I had modified the ranges to match some sample data I typed in when I tried
to disect the formulas.

I've really learned a lot by studying the replies on these newsgroups.
Thank you very much for your time.

Lewis

"Bob Phillips" wrote in message
...
The find will return an array of values depending upon whether it finds
the
value or not, 1 for matches, #VALUE for non-matches (BTW you need to
reduce
the range size if you want to evaluate the formula). It provides
case-sensitiveness by virtue of the FIND function.

The array of values is then used to LOOKUP the BigNumber in the
lookup_vector.
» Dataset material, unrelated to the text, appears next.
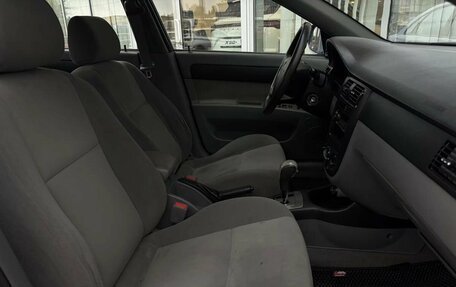 Daewoo Gentra II, 2014 год, 599 000 рублей, 10 фотография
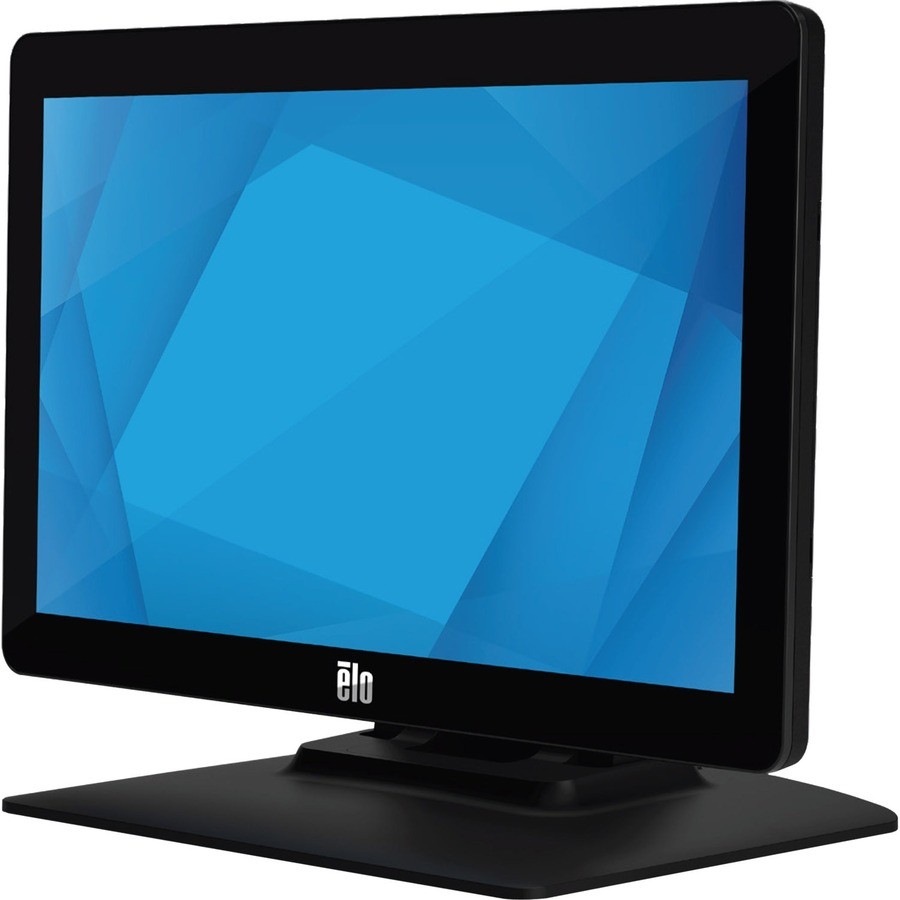 Elo 1502L 15.6" HD LED Backlit LCD Touchscreen Monitor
LOOKUP returns an index to the largest number less than the
lookup value, and uses that to extract from the result_vector Z2:Z3000. As
the array only consists of 1 and #VALUE, the largest values less than or
euqla will be 1. That has made me just realise, you don't need BigNumber,
2
will do

=LOOKUP(2,FIND(AA1,A2:A3000),Z2:Z3000)

Much more economical :-)

This actually works slightly differently than my offering, as if there are
multiple matches in the lookup_vector, this formula returns the last, mine
returns the first.

--

HTH

RP
(remove nothere from the email address if mailing direct)


"Lewis Clark" <lewis_clark_644 @ yahoo.com wrote in message
news:4oHMe.7333$Al5.5850@trnddc04...
Would you please explain the logic for this formula? I think I
understand
what it does, but not how it works.

It looks like FIND returns the position in the "A" range of the lookup
value, and then LOOKUP returns the corresponding value from the "Z"
range.

When I try to break out the FIND call by itself to follow the logic, I
just
get the #VALUE! error. Does FIND return a vector in this case that is
all
zeros except for the position of the lookup value?

Thanks in advance.


"Krishnakumar"

wrote in message
news:Krishnakumar.1twl30_1124273195.9814@excelforu m-nospam.com...

Hi Dan,

May be...

=LOOKUP(9.9999999999E+307,FIND(AA1,A2:A3000),Z2:Z3 000)

where AA1 houses the lookup value.